The table I need to query:

CREATE TABLE regions (
    state text NOT NULL,
    zip_begin text NOT NULL,  -- 9-digit zip code
    zip_end text NOT NULL,
    date_begin date NOT NULL,
    date_end date,

    data ...,
)

There are ~50 states and between 0-5M rows per state. The zip and date ranges might overlap.

The following will be one of the most common queries in my OLTP application:

SELECT data
FROM regions
WHERE state = {state}
  AND {date} BETWEEN date_begin AND date_end
  AND {zip} BETWEEN zip_begin AND zip_end

This query usually yields one row, but may sometimes yield more.

From the Postgres docs, it sounds like a GiST index might do what I need, but I don't really understand how those work.

Best Answer

Don't dismiss the simple btree index until you try it. It surely won't scale well to a trillion rows, but you surely don't have a trillion rows. It might be good enough.

To use an gist index, you would need to treat the ranges explicitly as ranges, not as end points.
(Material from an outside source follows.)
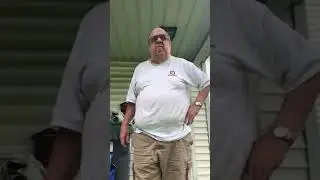 Uncle john jermyn pa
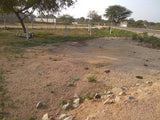 Plots available in Hyderabad for Rs13500 per square yard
It would probably be best to reformat your table in that format, but you can instead use expression indexes to reformat on the fly. But then your query will have to be written to match.

Some other complexities are that simple scalars don't have built in gist operators, so to put "state" into a gist index requires you to use the btree_gist extension; and there is not a built-in text range. Rather than creating a text-range, you can just cast the zip to int (which would probably be better done in the table in the first place), so something like this:

create index on regions using gist(
  state,
  daterange(date_begin,date_end,'[]'),
  int4range(zip_begin::int,zip_end::int,'[]')
);

And then the query would look like:

SELECT data
FROM regions
WHERE state = {state}
  AND {date}::date <@ daterange(date_begin,date_end,'[]')
  AND {zip}::int <@ int4range(zip_begin::int,zip_end::int,'[]')

Now I haven't tested this query on the gist index, because gist indexes are so ridiculously slow to build that I don't have one available yet to try it on. It has finished building and I have tested it, and it runs and gives the correct answer with '0' left-padded 5 digit zip codes. With the range sizes I used, it is sometimes faster and some times slower than the btree index on a 10e6 row table, but was never markedly different.